Instantiating a ResNet50 model from Keras, pre-loaded with ImageNet weights
Sanity-checking the model

Examining the model's layers without using TensorBoard
Setting up inference on multiple images at once

Creating a SavedModel with modern TensorFlow 2.0 APIs without requiring use of a Session
Tarring & GZipping the model
Re-importing the model

Using SageMaker 1.x library instead of SageMaker 2.x
Why can't you just make a Predictor from the Model you instantiated?

Deploying the model onto SageMaker
Invoking the model from scratch (should you restart your kernel and lose your Predictor)
Test the hosted model using the same data you passed into the local model instance

Here are some key takeaways I had from this experience that should help you if you're trying to do something slightly different from my recipe in the notebook linked to above.

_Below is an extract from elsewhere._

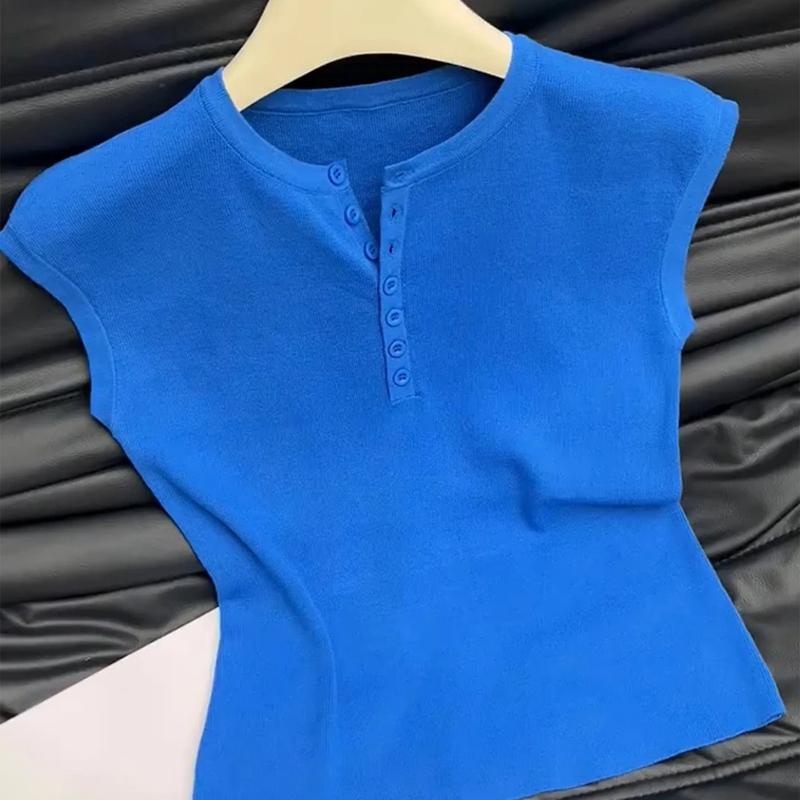 Klein Blue Knitted Camisole for Women, Can Be Worn as an Inner or Outer Layer, Royal Blue Sleeveless Top, Suitable for Wearing under a Blazer Klein Blue Knitted Camisole for Women, Can Be Worn as an Inner or Outer Layer, Royal Blue Sleeveless Top, Suitable for Wearing under a Blazer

Estimating My Confusion Around Estimators

In TensorFlow, the term "estimator" is reserved for a high-level abstraction of a model in Tensorflow's API. There are pre-defined Estimators for several different kinds of deep learning algorithms, and they are designed to be trained, tested, inferred from, and deployed using very simple sleek function calls. They are also easy to deploy virtually anywhere because you don't have to change much code (if at all) to go from CPU all the way to TPU deployments. That said, Estimators aren't quite as flexible as the Keras API offered by Tensorflow these days, and the use of custom Estimators is no longer recommended for modern code.

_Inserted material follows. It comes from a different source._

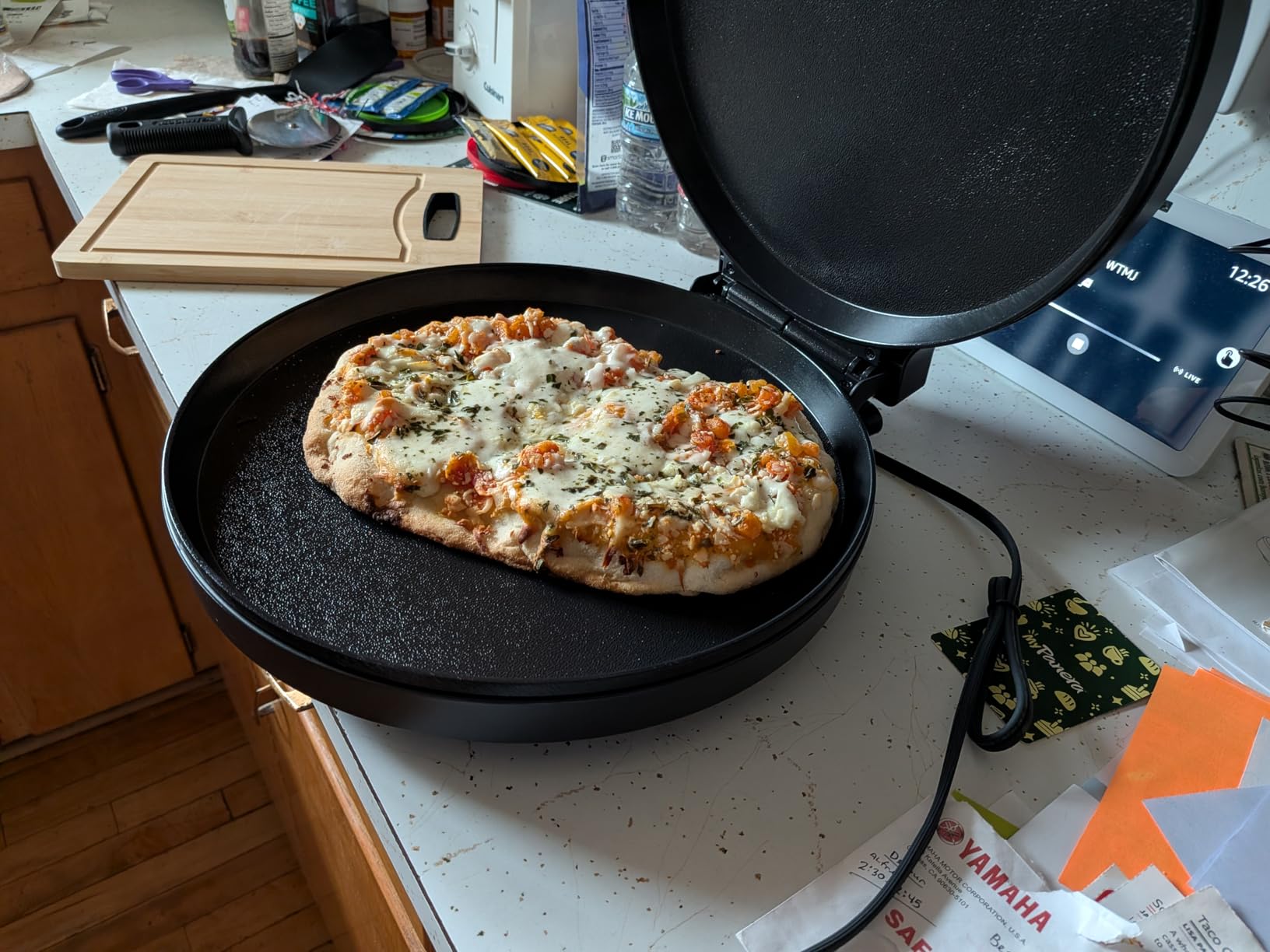 Chefman Everything Maker & Pizza Oven - 1440W Countertop Electric Pizza Maker with 12 inch Nonstick Cooking Plates, Plus Makes Quesadillas, Omelettes and More customer photo 1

Estimators in Amazon SageMaker are more generic, and allow you to encapsulate any sort of model inside them whatsoever. You can define a SageMaker Estimator to be based on various libraries such as TensorFlow, Keras, or PyTorch, or even specify them to be loaded from a previously saved model. They also have the same convenience functions for invoking training, testing, and so forth as the TensorFlow estimators do. As such, if you are faced with instantiating an Estimator in SageMaker, just know it will not bind you to using a TensorFlow Estimator.

Check Your Bucket

Originally, I went down the path of zipping my SavedModel resources manually using tar commands in a Jupyter notebook cell, and then uploading them in the S3 console to a bucket of my choice. I had to tackle a long chain of errors in order to get to the realization that I don't need to upload the package to my own S3 bucket. There was a ton of trial and error to do before I could come to this realization:
(Note the things in the bulleted list below are things not to do, but I did them in search of the answer!)

Got rid of a bunch of warnings about old versions of TensorFlow, Python, SageMaker, or what have you. Of course it would tell you about them one at a time.
Set the role SageMaker was using to try to load the S3 resource into the Model instance.

This entails adding some AWS managed policies to the role, including AmazonSageMakerFullAccess (or using this as a template for your own policy, but limiting it to specific resources you wish to grant permission to). Originally I thought I needed such access to S3 as well, but the SageMaker role covers what you really need.
This also entails adding the identity provider sagemaker.amazonaws.com so that SageMaker services can assume the role you created.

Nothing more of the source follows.